Plus compliqué encore, près de la moitié du trafic se concentre en heures de pointe : 290 000 voyageurs le matin (7h30-9h30), 350 000 le soir (16h00-19h30). Cela implique de faire circuler des trains avec un intervalle de deux minutes sur le tronçon central de la ligne, entre Nation et La Défense.

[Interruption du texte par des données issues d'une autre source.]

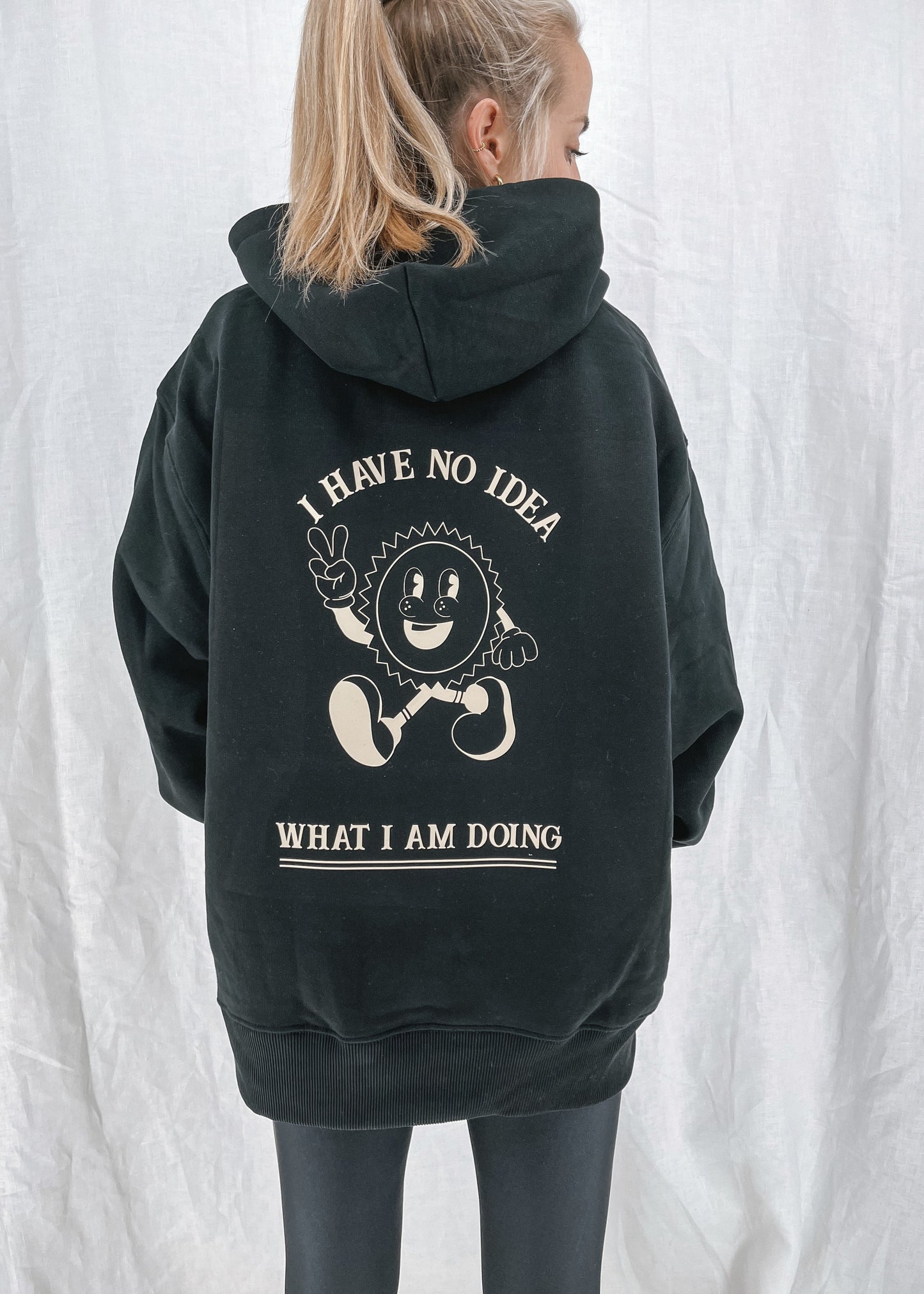 Unisex relaxed Hoodie "I have no Idea" (beiger Print)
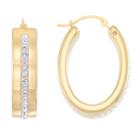 Gold Opulence White Crystal 14k Gold Hoop Earrings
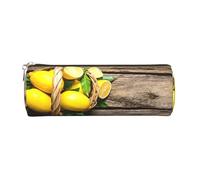 Round Leather Pencil Case Pencil Bag One Basket Lemons Print Zippered Pen Pouch for Work Office for Men, Women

rer-a-comparaison0002Le RER A circule 21 heures par jour, de 4h41 à 1h41. Son fonctionnement mobilise plus de 2 500 personnes du côté de la RATP, dont environ 500 conducteurs, 70 personnes chargées de la régulation de la ligne au Poste de Commandement Centralisé de Vincennes et 1 000 agents de gare.rer-a-comparaison0001« Dès mon arrivée, j’ai souhaité que toute l’entreprise se mobilise pour un programme ambitieux au bénéfice du RER et de ses voyageurs. Le RER  bénéficie, avec le soutien du STIF, d’un investissement de plus d’1 milliard d’euros pour ces 5 prochaines années, avec des renforcements de l’infrastructure, la modernisation des matériels roulants, et la mise en œuvre d’un grand programme de rénovation des gares. Ce chantier  témoigne de notre ambition très forte de redonner toute sa fierté au réseau RER. »
Elisabeth Borne, PDG de la RATP.

Une exploitation complexe

L’exploitation du RER A est un challenge au quotidien.

Le tronçon central Nation-La Défense représente plus de 55% des voyageurs sur la ligne. La fréquence des trains en heures de pointe, un toutes les 2 minutes, la fragilise. En effet, les trains, qui transportent jusqu’à 2 600 voyageurs, marquent des arrêts de 50 secondes en gare, pour permettre de descendre et monter. La marge de manœuvre est de 5 à 10 secondes. Au moindre incident, même aussi bénin qu’un problème de fermeture des portes, ce sont tous les autres trains en circulation qui sont affectés. Difficulté supplémentaire en cas d’incident plus important : entre les gares d’Auber et Nation, il est impossible de retourner un train.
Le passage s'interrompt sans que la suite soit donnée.